Regehr shares data obtained through the Freedom of Information Act showing 316 "fast walker" detections recorded between 1973 and 1992 by geosynchronous orbit sensors. These objects displayed time-intensity profiles that could not be matched to any known aircraft or natural phenomena. He also describes a 1964 incident in which an Atlas F ICBM launched from Vandenberg was filmed being destroyed by a UFO that circled it and fired light beams at the missile. The Soviet Union expressed concern that mass UFO transitions could trigger false identification as a missile attack.
Sims discusses his discovery of the pilots who intercepted UFOs over Washington, D.C. in 1952, revealing they were threatened into silence after landing.

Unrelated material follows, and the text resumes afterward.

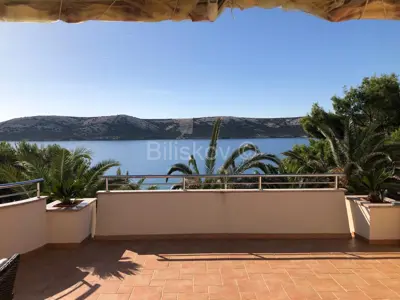 House 415 m², Stara Novalja, first row to the sea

He describes collaboration with Regehr to correlate abduction cases with satellite detection data, potentially proving UFO presence at abduction locations during reported events. Both guests also question why Mars imagery appears deliberately degraded compared to known satellite capabilities.
Key Moments
Pre-air phone outages on both guests: Bell, Regehr, and Sims confirm on air that both guests' primary phones went dead simultaneously in the minutes before broadcast, on a topic about classified surveillance satellites and UFO data, forcing a switch to backup numbers.
Geosynchronous fast-walker detection by digital signature: Regehr describes how DSP-class geosynchronous satellites are non-imaging: they emit a digital signal from visual, infrared, and ultraviolet sensors that gets matched against a stored library of time-intensity profiles (flashbulb-vs-match analogy) to categorize what triggered the detection.
316 fast walkers logged from FOIA records 1973-1992: Regehr reads from the FOIA-derived database in his book: three fast-walker events in 1973, five in 1974, more accumulating through the late 1970s, with a near-full page of 1992 entries totaling 316 unaccounted detections across the 1973-1992 span.